▶ Exercise requirements
Please copy each line of the listing below precisely, excluding the images.

▶ Source material
☆ ☆ ☆

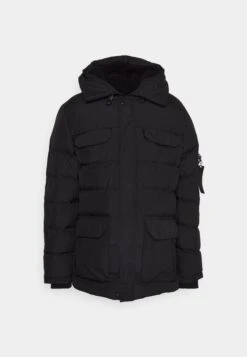 SikSilk Parka Coat - Winterjas - Black -Herenmode 2416e1cad17447e1a28f630db1f00506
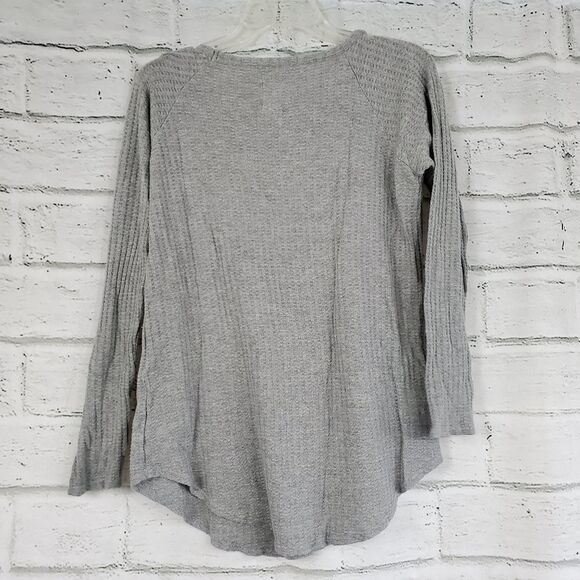 Chaser long sleeve raw hem thermal gray - Picture 5 of 6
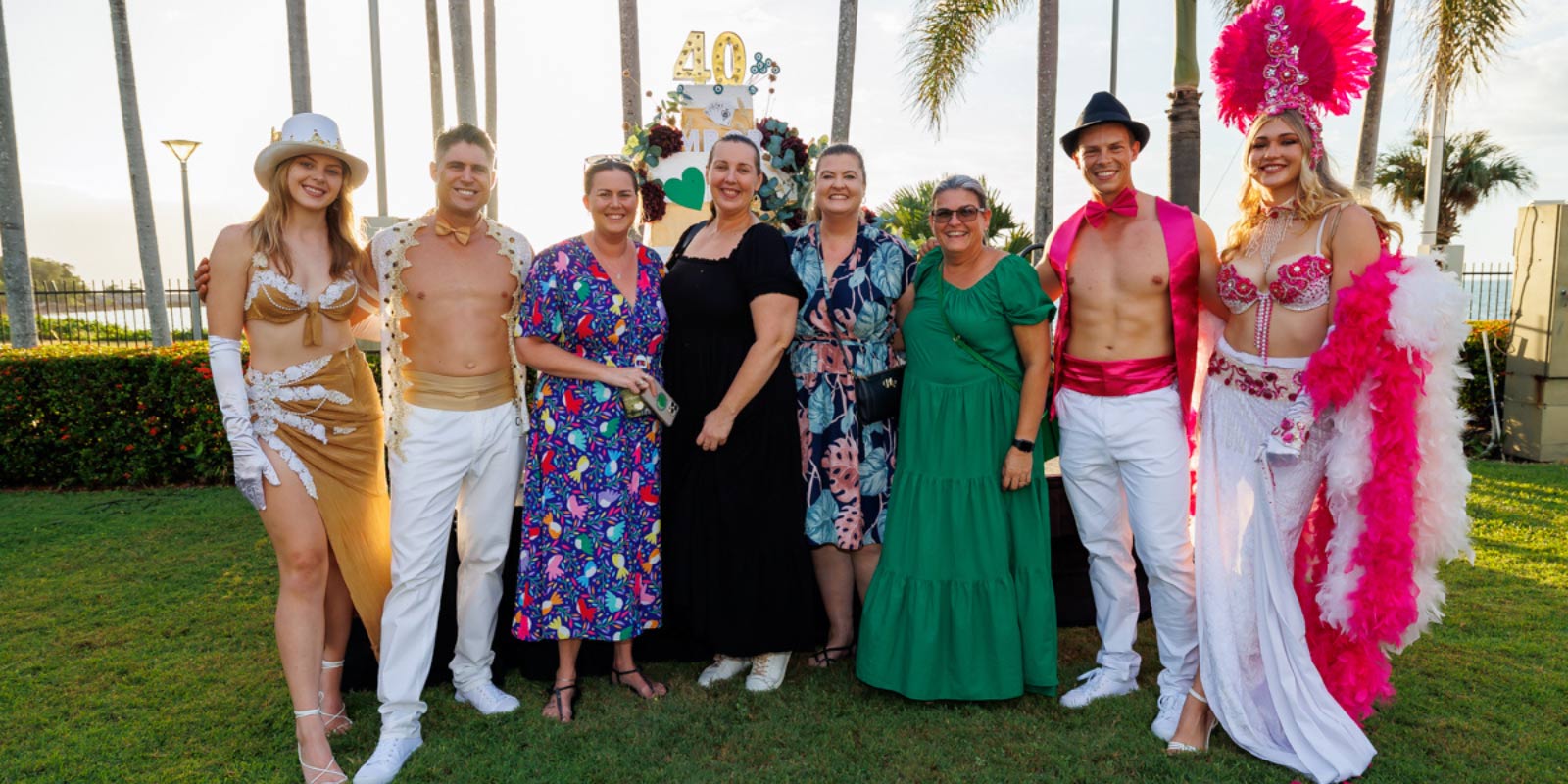 Group of people dressed in costumes at Mindil Beach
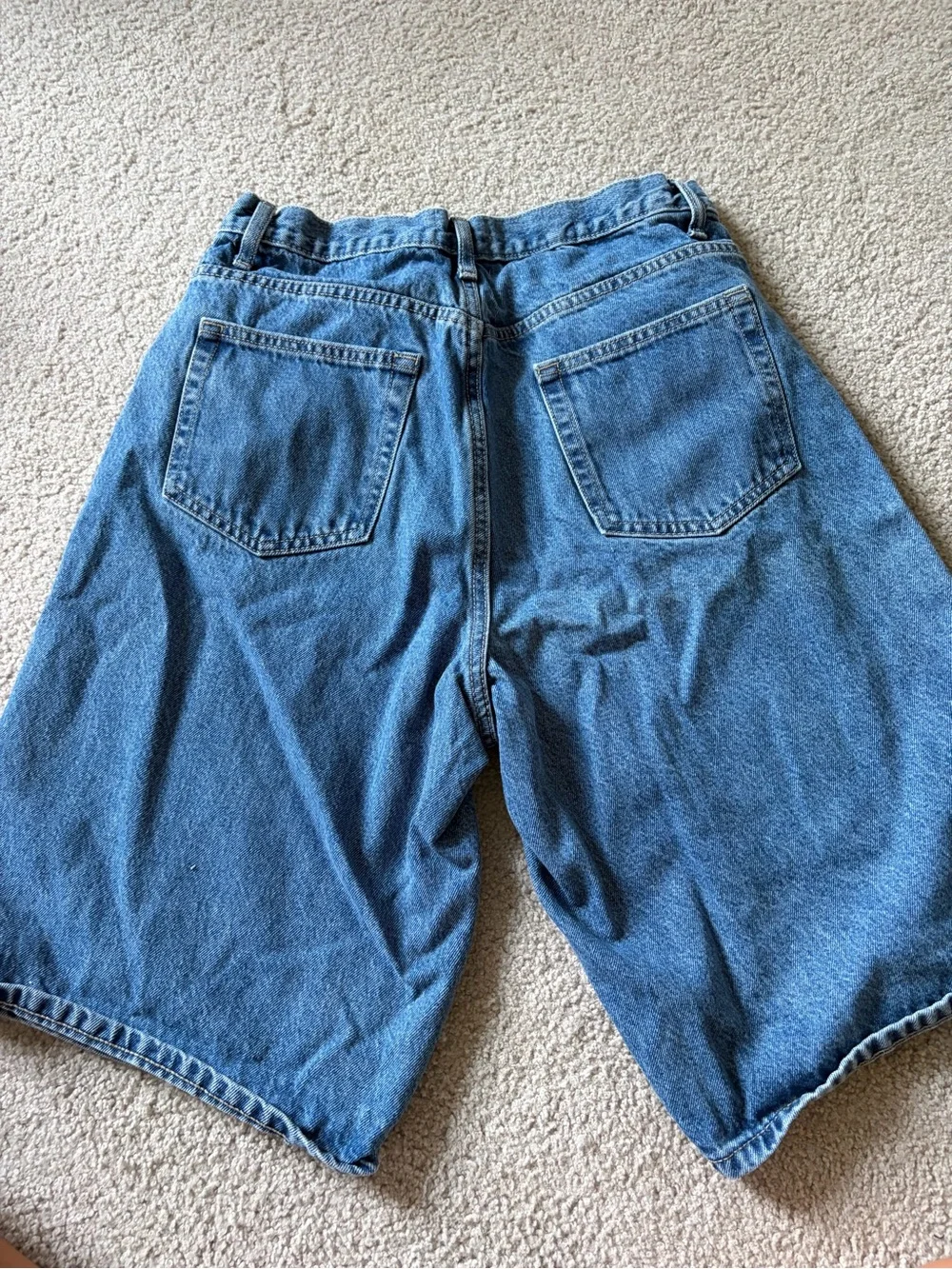 Absent Baggy Denim jorts - medium Blue Wash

☆ ☆ ☆

▶ Answer below
 SikSilk Parka Coat - Winterjas - Black -Herenmode 2416e1cad17447e1a28f630db1f00506
 Chaser long sleeve raw hem thermal gray - Picture 5 of 6
 Group of people dressed in costumes at Mindil Beach
 Absent Baggy Denim jorts - medium Blue Wash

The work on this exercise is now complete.